Q & A: UGM Staff Veterans

Posted by Union Gospel Mission Jul 24, 2015 3:13:00 PM

This month, we at UGM have explored the topic of freedom - what it is and what it is not. Recently, we asked some UGM staff military veterans questions about freedom and about their service to our country.

Greg Barclay

Greg is the Volunteer Coordinator at UGM. He served 22 years in the military and has been on staff at UGM for 20 years. 

How did you serve in the military? 

In the Air Force, I was a pilot, aircraft commander, and trainer on the KC-135 (a.k.a. Tanker, Air Refueler, Boeing 707).

How did your service impact your life?

It taught me how to lead and train others. It’s a huge responsibility to command a jet and a crew.

What does freedom mean to you?

It means living in the country that our founding fathers intended when they wrote the constitution.

Did your view of freedom change from before you served to after? If yes, how?

Not really, I am just more appreciative of living in a free country. My fear is that we are losing many of the freedoms that men and women fought and died for.
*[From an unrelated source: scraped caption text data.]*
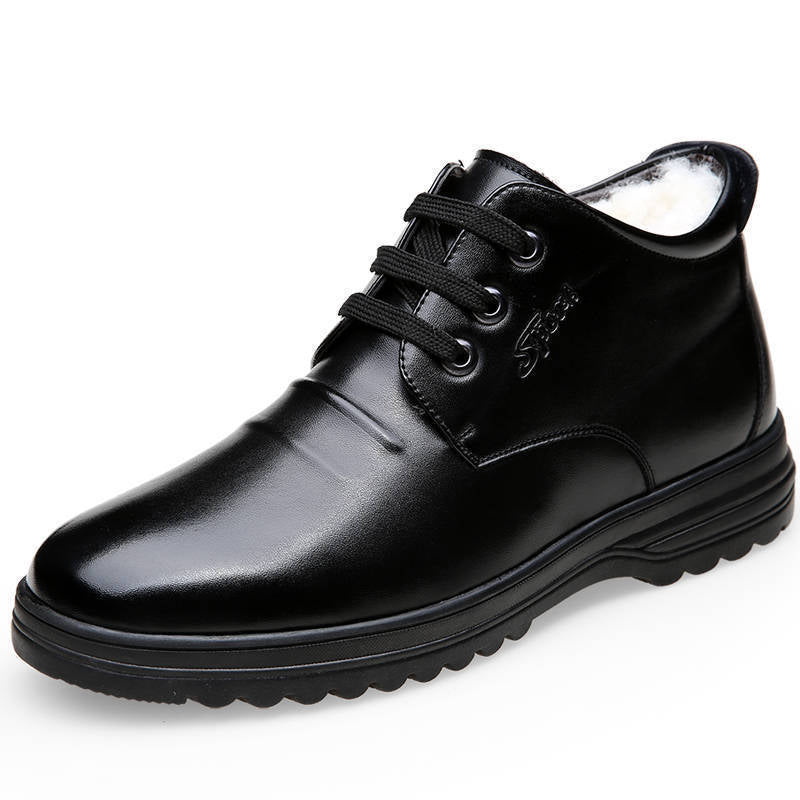 Men's Winter Thickening Thermal Cotton Soft Bottom Leather Shoes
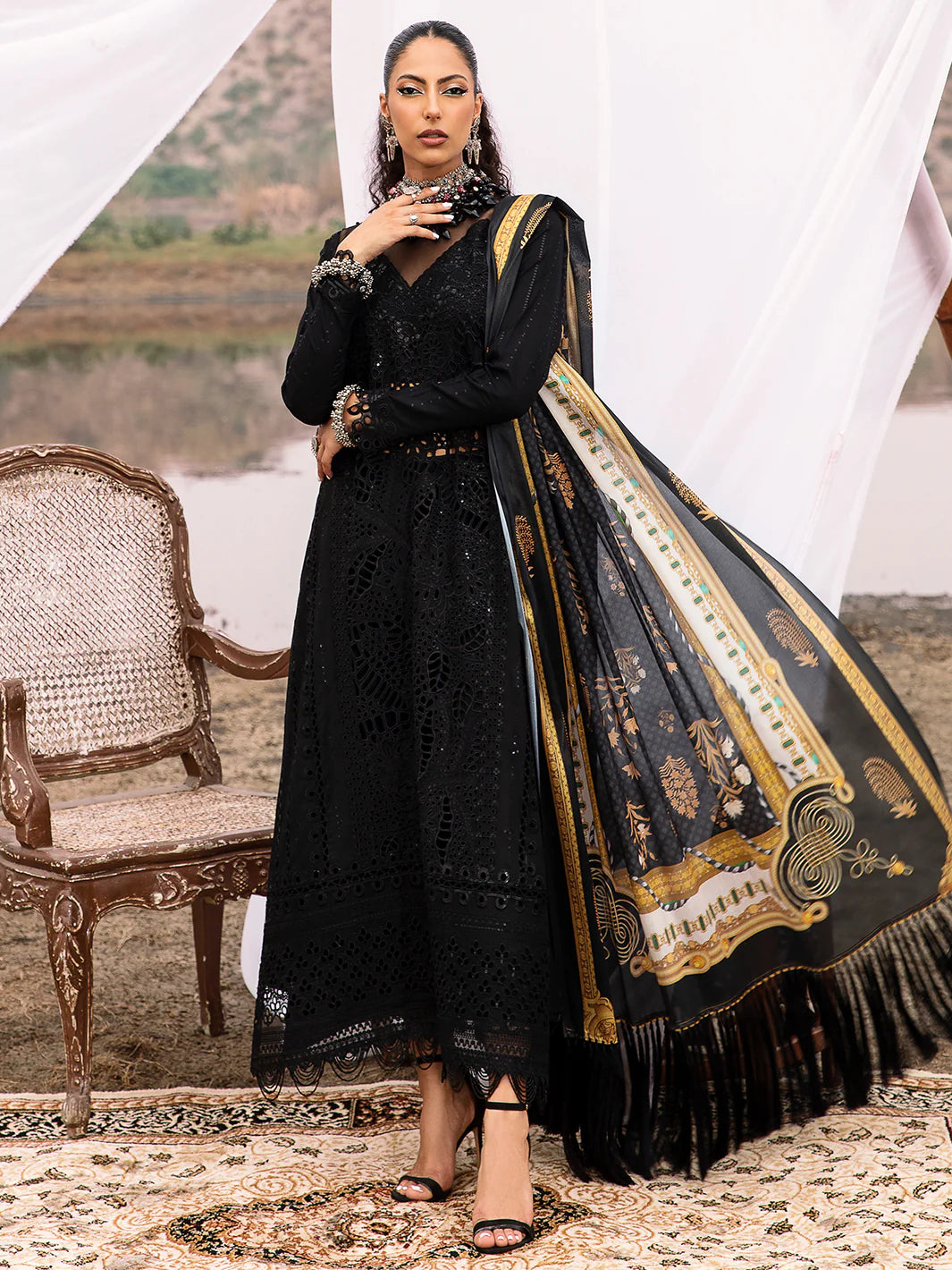 Bin Ilyas Mem Saab Black Luxury Lawn Collection Replica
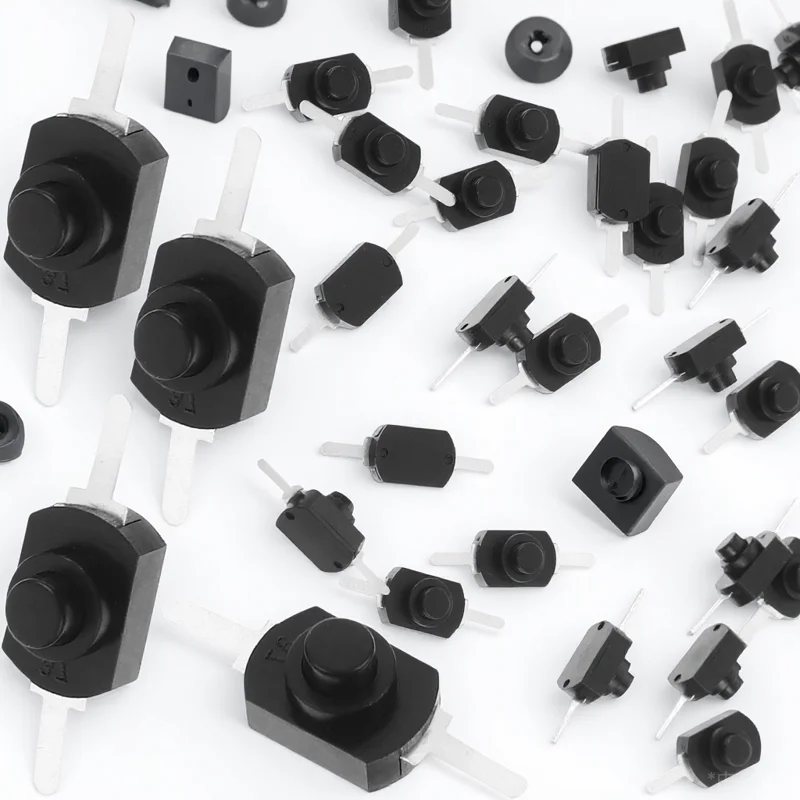 

50pcs Micro Push Button Switch Mini ON OFF for Torch Flashlight Portable Latching Black ABS Metal Soldering Wire
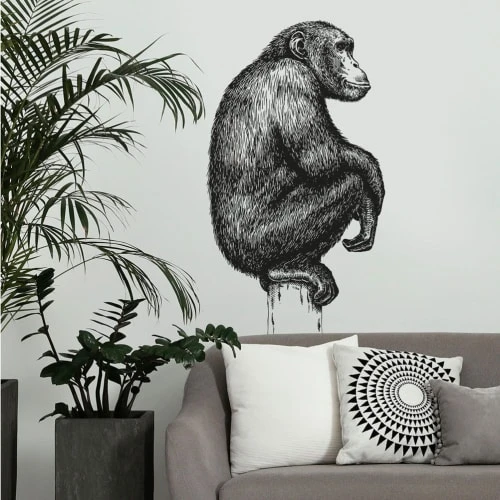 STC Stickers Muraux Sticker Mural Chimpanzé H68,5cm 4 STC Stickers Muraux Sticker Mural Chimpanzé H68,5cm – Image 2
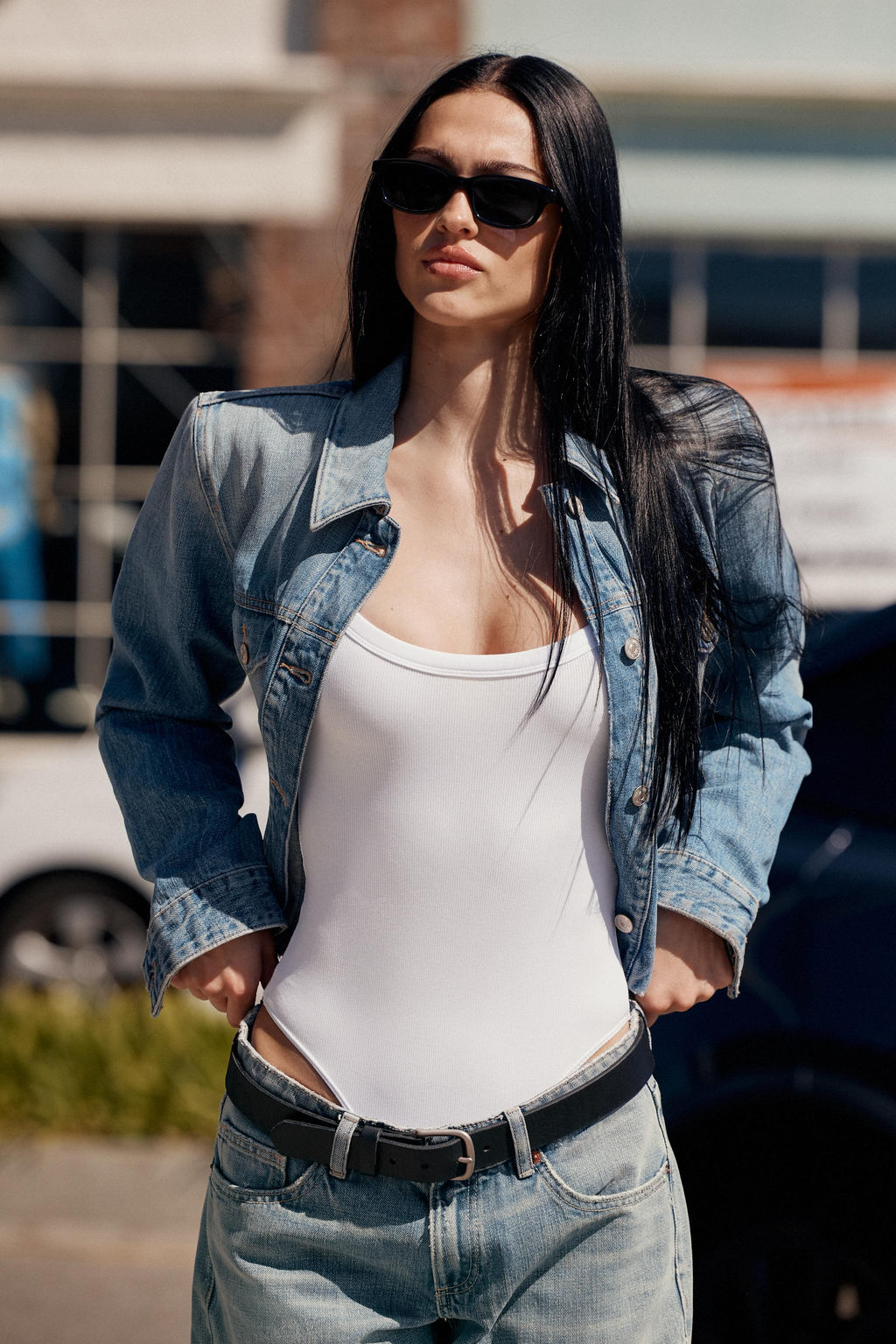 CAZADORA DENIM TRF HOMBRERAS / Azul - Zara фото 3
How has your service affected your work at UGM?

My job in the military was very specific and detailed oriented. That, along with learning leadership and management skills, has served me well at the UGM.

CandaceCandice short

Candice went through Women's Recovery at Anna Ogden Hall. Now, she works at UGM as a resource coordinator and a sales associate at the Spokane Valley Thrift Store. 

How did you serve in the military?

I served in the United States Navy from 1984 until 1988. The first year, I was stationed overseas on an island called Diego Garcia. I worked in the port control tower scheduling ship movements and monitoring radar. Then, I was stationed the remaining time at Naval Air Station North Island in San Diego, CA and performed office work for the Executive Officer and Commanding Officer of the base.

What does freedom mean to you?

In this country, we have more freedoms than most people realize. I spent 4 days in a small and very poor town outside of what was Clark Air Force Base. There were little children, barely clothed, running the streets, trying to sell whatever they could just to eat. In America, there are a lot of resources for help. We have the freedom to choose and to believe in our faith and actively participate in it. Freedom also goes a little deeper for me due to my addiction. Today, I am totally free and alive because I have been in recovery for almost 7 years.

Did your view of freedom change from before you served to after? If yes, how?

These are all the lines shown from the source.